The MV Agusta Raid was a series of 250 and 300 cc motorcycles manufactured by the MV Agusta company in Cascina Costa, Italy from 1957 to 1961. At the time of introduction, the 250 cc class was considered a large capacity motorcycle.

==Overview==
When the 250 cc Raid was introduced at the 1956 Milan EICMA Motorcycle Show, it received considerable interest as a machine that "could cross a continent". The name, which in Italian means a long, fast and adventurous trip, was chosen following a survey of MV dealers. Production started in 1957, but sales of the 250 were not as good as expected.

In an attempt to increase sales, a 300 cc version was introduced in 1959. MV attempted to sell a police version to the Guardia di Finanza with little success, and the Italian Armed Forces, who purchased the military version in limited numbers.

Priced initially at 286,000 lira for the 250 cc and 290,000 lire for the 300 cc, the success hoped for was not realised with only 544 250 cc machines and about 500 300 cc machines being produced.

==Models==
===250 Raid===
The initial 250 model was propelled by a 247 cc air-cooled, single-cylinder OHV engine. Bore and stroke was 69 x 66 mm and compression ratio was 7.2:1. Breathing through a 24 mm Dell'Orto carburettor, the engine produced 14 bhp (10.4 kW) at 5,600 rpm. A geared primary drive fed the power to a 4 speed gearbox.

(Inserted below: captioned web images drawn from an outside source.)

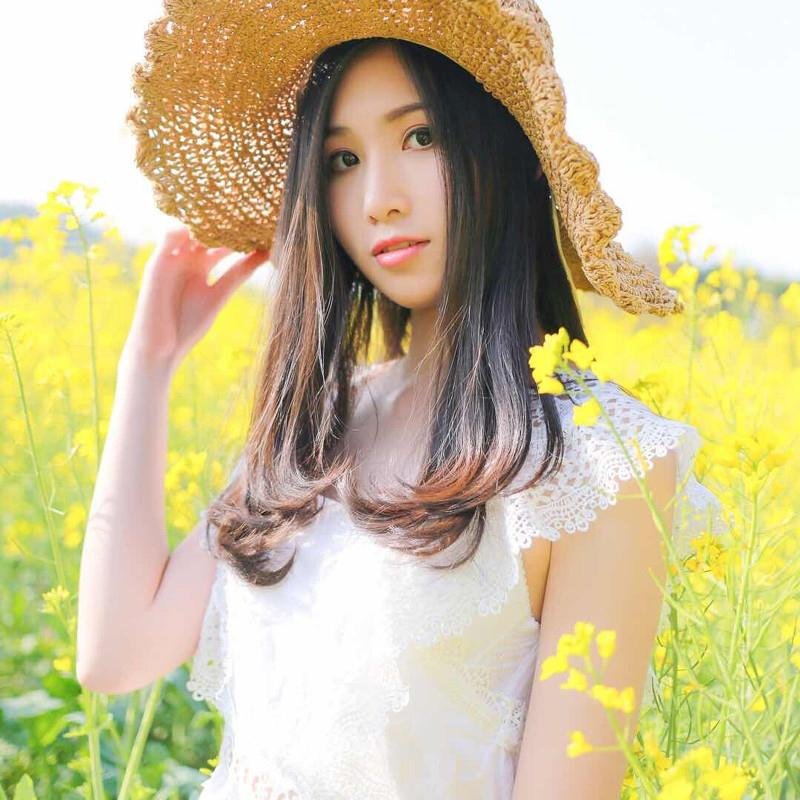 galsworthy38042's profile picture. 私信不是秘密，但我會當成秘密對待😏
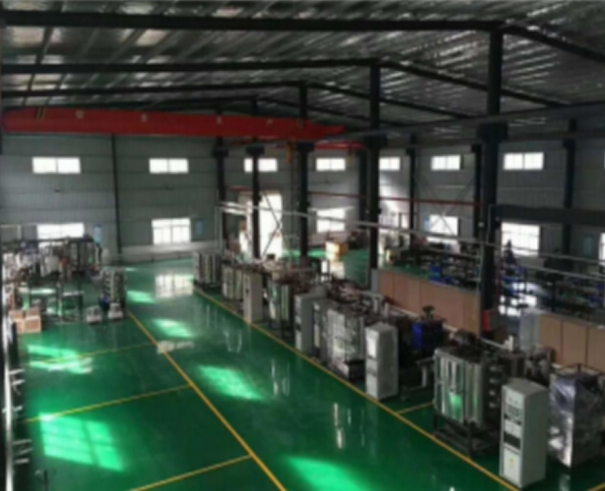 东莞市梓翕电子科技有限公司图3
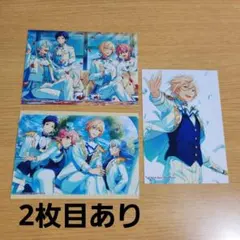 あんスタ fine POPUPセット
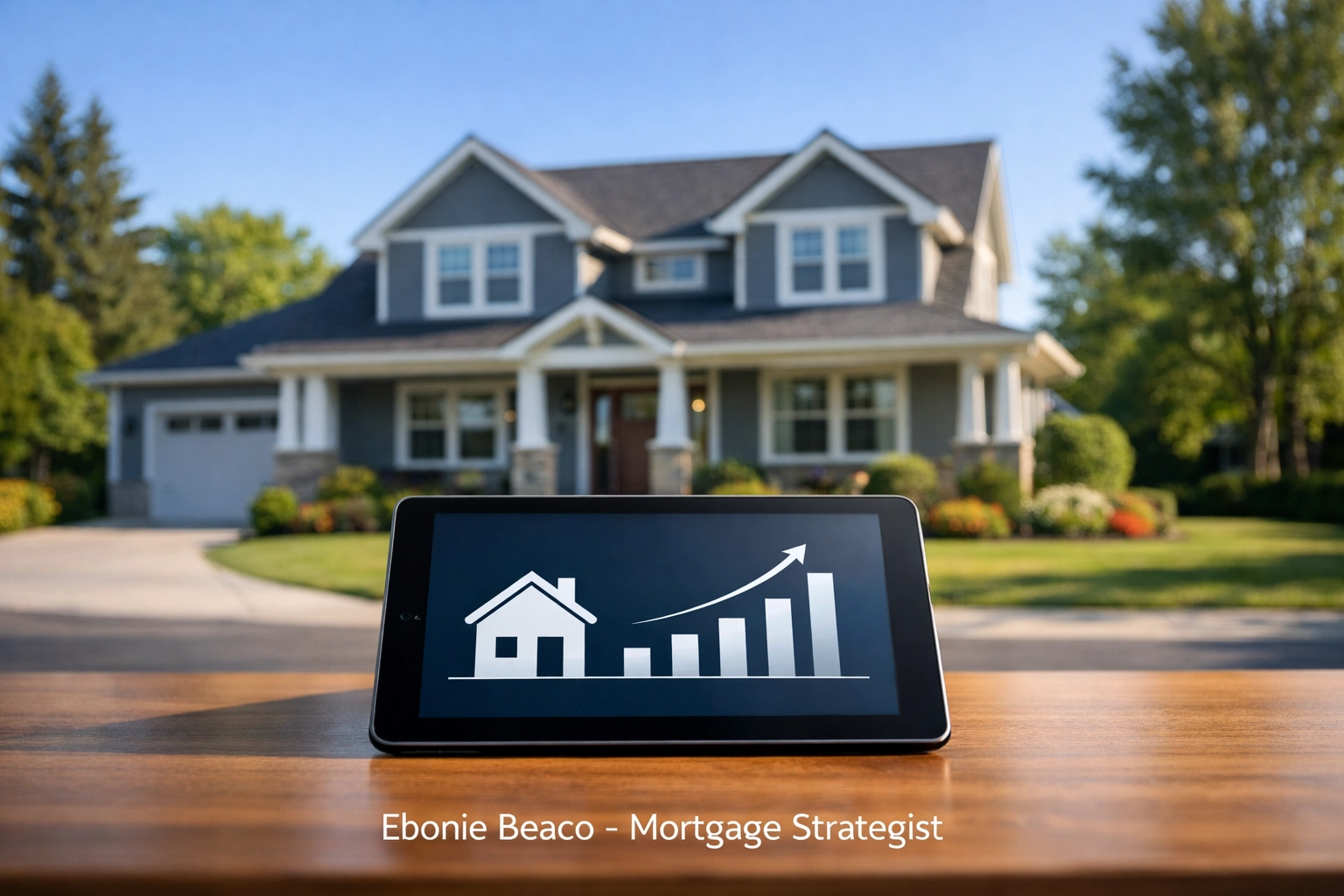 Analyzing wholesale real estate investment numbers for a suburban house to determine deal profitability.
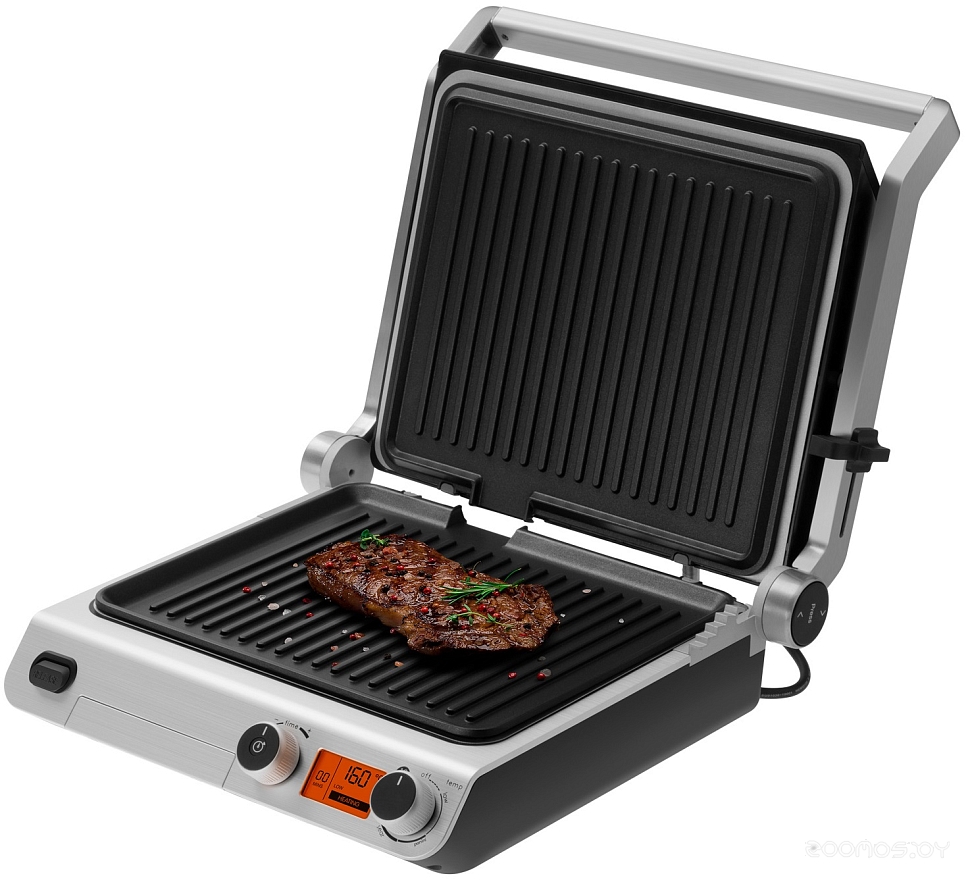  SameBike City Master Fat ()     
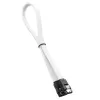 ModMesh SATA 3 Cable 30cm - White - Cable - Digital/Data (CM-CAB-SATA-N30KW-R)
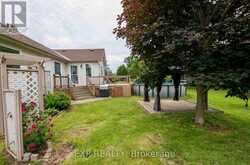 60 PIONEER DRIVE | Kemptville Ontario | Slide Image Thirty-five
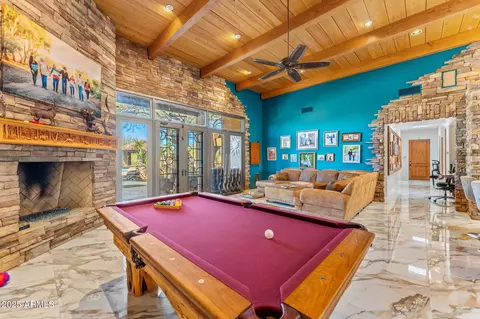 Other - 5100 E Cloud Rd, Cave Creek, AZ 85331 photo 8 of 16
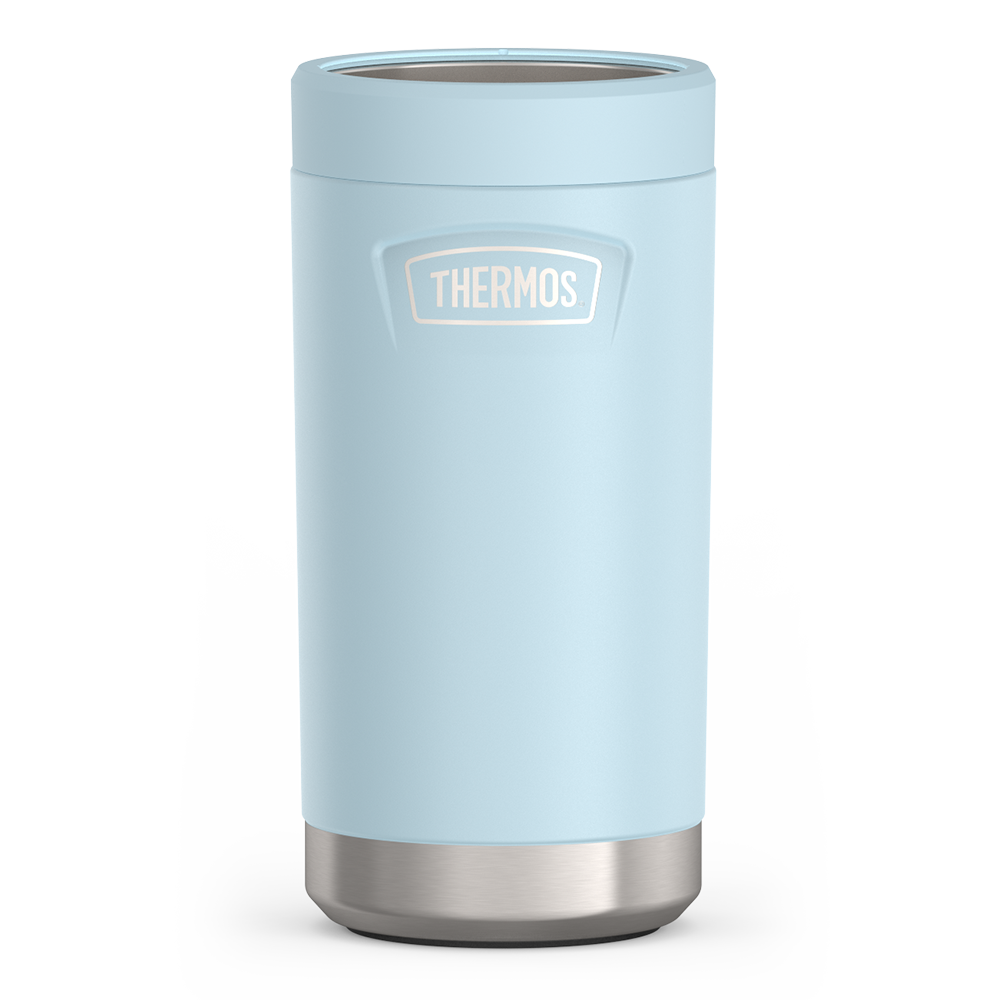 IS1522GC_16oz_CanInsulator_Glacier_2204_PRES_PDP_4cf04b3b-4fd4-44c1-ba6b-ed22af64a031.png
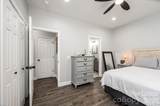 29 Central Avenue - Photo 12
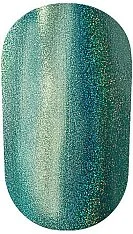 Лак для ногтей MegaShine Prizm 3D (97595, 223, 223, 7 мл)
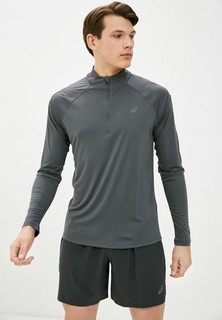 Лонгслив спортивный ASICS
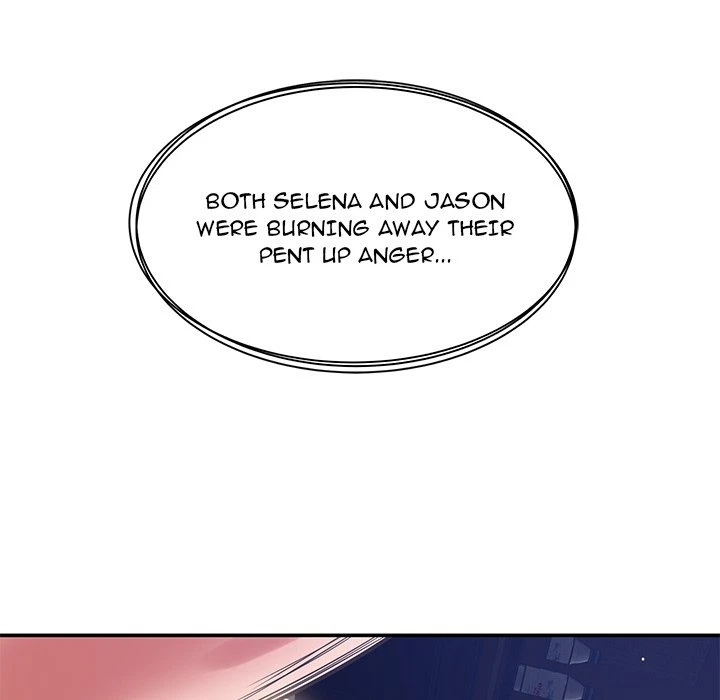 Chapter 39, page 133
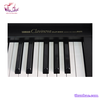 piano-dien-yamaha-clp-550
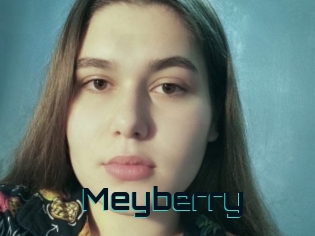 Meyberry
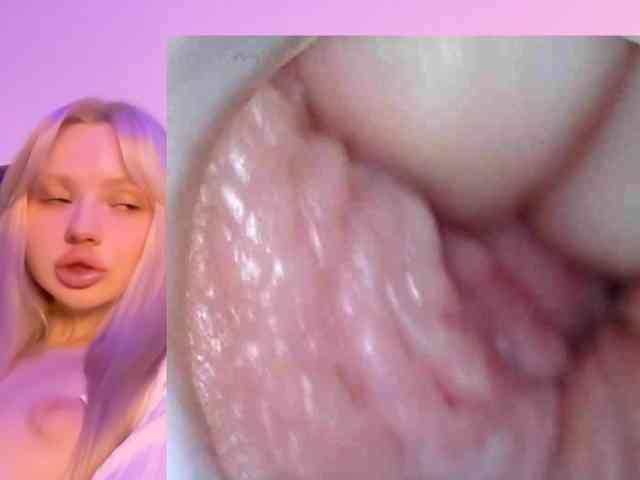 janne-mary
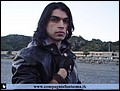 Dany
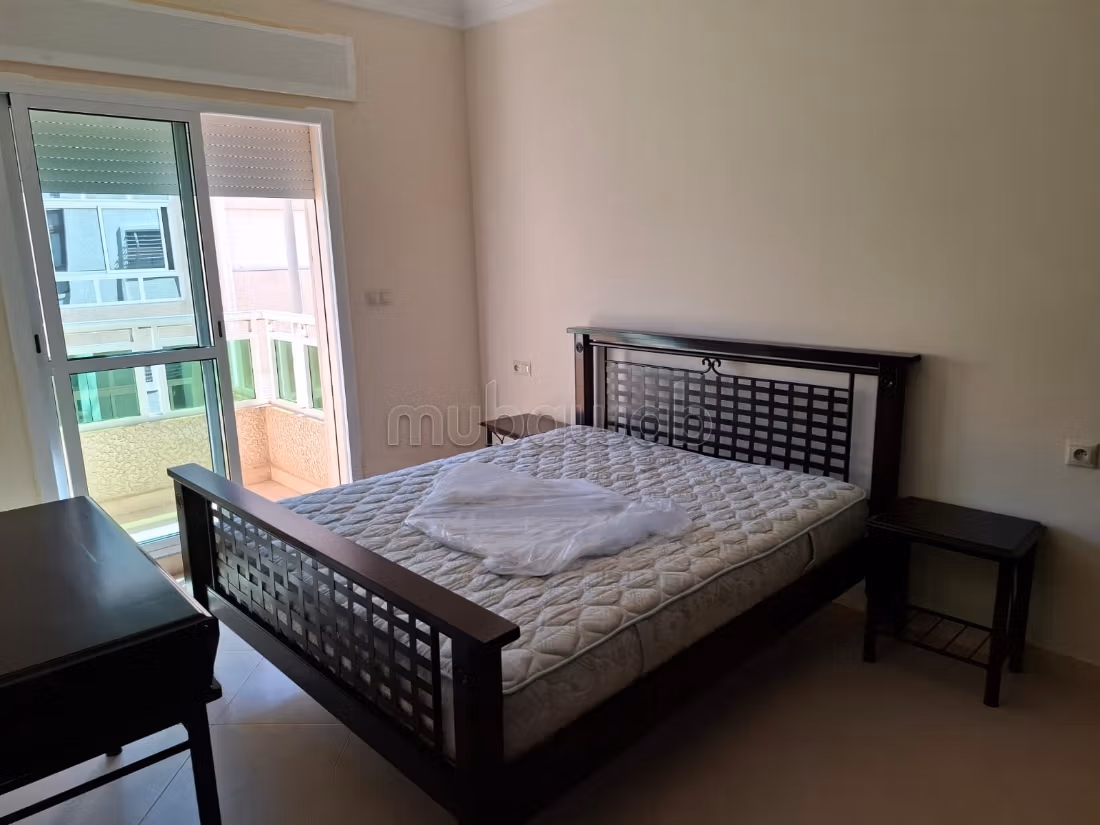 Apartamento en venta en Oum Keltoum Martil
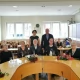 Tczew - Jubileusze mieszkańców gminy Tczew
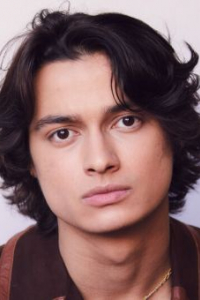 Рио Манджини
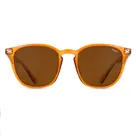 Sorai - Zonnebril - Sinner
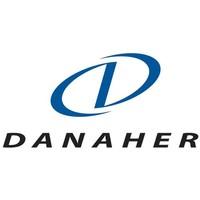 DANAHER WATER QUALITY PLATFORM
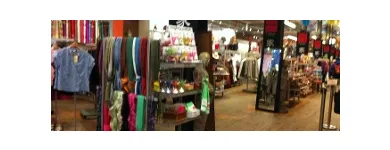 Business 2 image PEARL RIVER MART Department Stores in New York NY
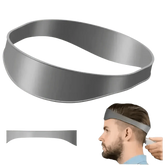 Dragon Design Electric Hair Clipper Professional - GiFTiFY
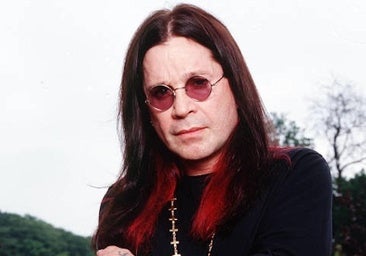 La vida salvaje de Ozzy Osbourne, el príncipe de las tinieblas del rock: cárcel, excesos y tocar para Isabel II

The frame was MV's usual arrangement of a double cradle made of tubular and pressed steel. Telescopic front forks were fitted and a swinging arm with hydraulic shock absorbers at the rear. 200 mm drum brakes were fitted front and rear. The machine was finished in black with red detailing. Top speed was 115 km/h (72 mph).

===250 Raid Extra===
The Raid Extra version was equipped with the same mechanical components as the Raid but had a higher specification finish. It was finished in red with white highlighting.

===300 Raid===
In 1959, in an attempt to recover the poor sales of the 250, a 300 cc version was introduced. The bore was increased to 74 mm and the stroke to 70 mm, which gave a 301 cc displacement and an output of 16 bhp (12 kW) at 5,000 rpm. To give a similar fuel consumption to the 250, the carburettor was reduced to 22 mm.

A new petrol tank, mudguards and exhaust were fitted, otherwise the cycle parts were the same as the 250.

===300 Raid Militaire===
A special version, the 300 Raid Militaire, was produced in limited quantities for Italian Armed Forces in 1961. The model was fitted with two individual saddles and finished in a drab green.

===300 Raid Polizia===
Modified for police use, the 300 Raid Polizia was introduced, but this variant was not taken up by the police.

==Spanish production==

The 300 Raid was made under licence in Spain by MV Avello in the city of Gijón in the autonomous community of Asturias. The model was marketed in Spain as the 300 Nalón, the name of a local river. The Spanish model was the largest MV produced in Spain and used a different frame and differed in appearance from the Italian model. Production was from 1961 - 1966 (the 1966 models being supplied from old stock).